The carnival/fairground workers had installed an illegal cell-phone transmitter at the top of the parachute jump ride, so that they would be able to communicate with each other while setting up the fair and rides. Now, Clay is able to see that the cell phone he was given has 3 bars.  The other cell phone, which the man had set up as a detonator on the school bus, also has 3 bars.  Clay dials the number, and the entire fairgrounds goes up in a giant fireball, killing almost all of the phone-people, Raggedy Man included.
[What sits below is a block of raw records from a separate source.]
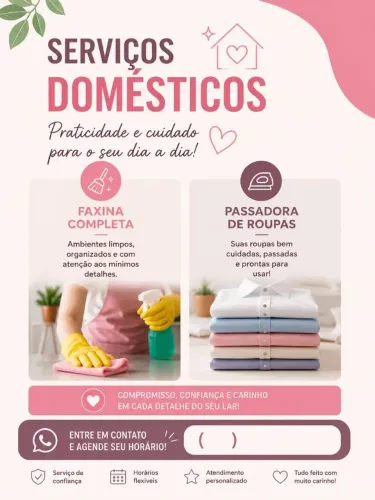 FAXINA E PASSADORIA DE ROUPAS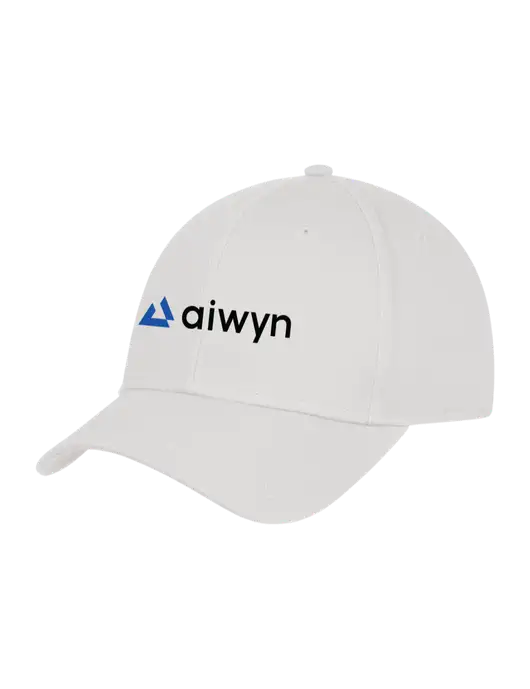 White Structured Cap Hook & Loop w/Aiwyn Logo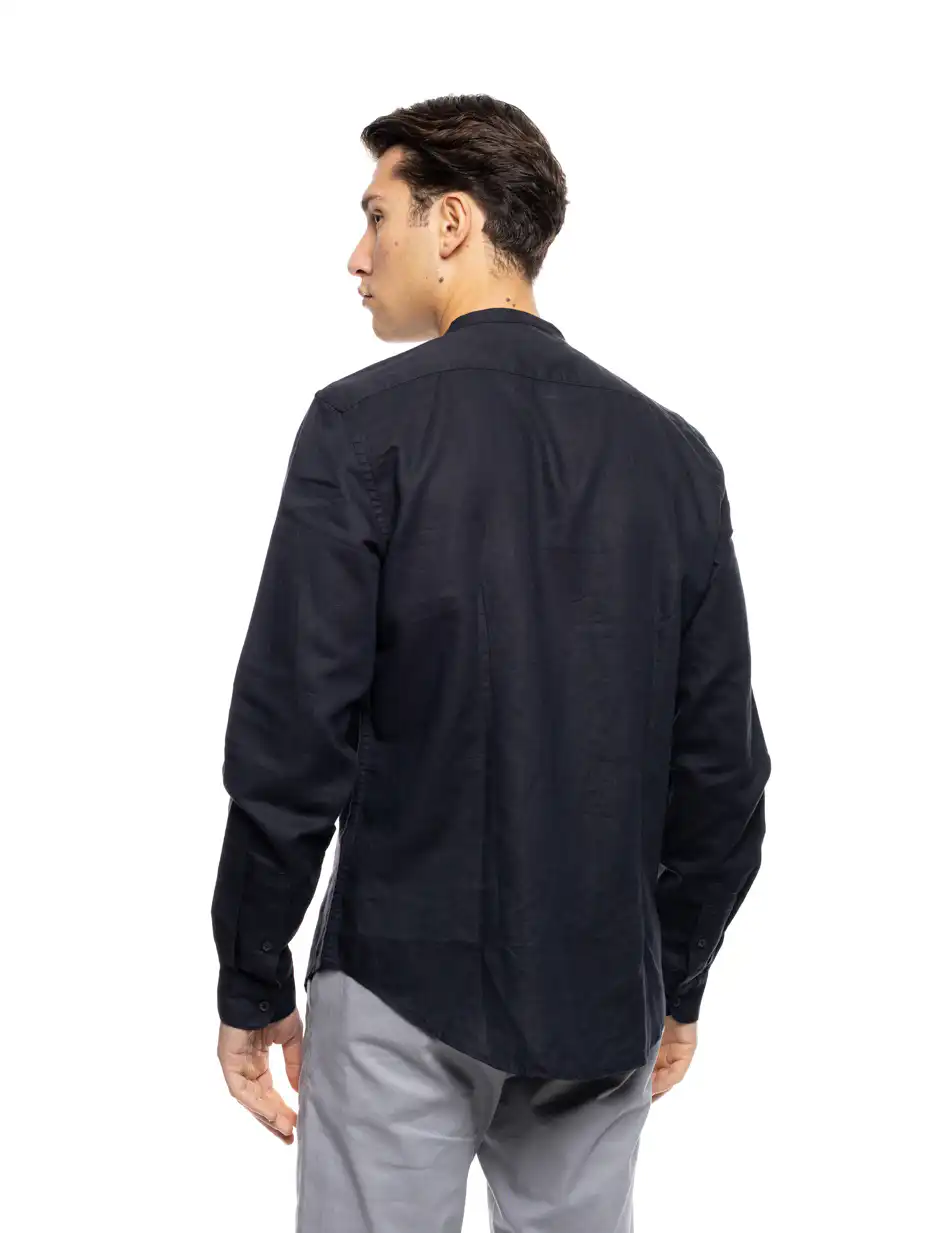 ST' Ανδρικό λινό μακρυμάνικο πουκάμισο με "mao" κολλάρο 53-203-001 BLACK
Now the group decides to keep going north, where there is no cell phone service, and where they are sure the coming Winter will kill the majority of the remaining phone-people.  Clay again separates from them, electing to try and find his son. They agree to a plan where Clay will be able to follow them and meet up with them again. Jordan tells Clay of a possible way to get his son back, should he find him. The idea is that the Pulse will eventually collapse, due to the worm in its system. Jordan feels that if Clay were to make his son listen to a cell phone call again, it could wipe his mind clear, and that all the boy's original thoughts might slowly return, as they could have been stored deep in his brain.

Clay journeys, looking for his son, until he actually finds him. But it is only his son in body, as his actions are like that of a beaten dog. They start to travel north again to find Clay's new friends, and the book ends with Clay nervously dialing a phone number and putting the phone to his son's ear, in the hopes that it might save him.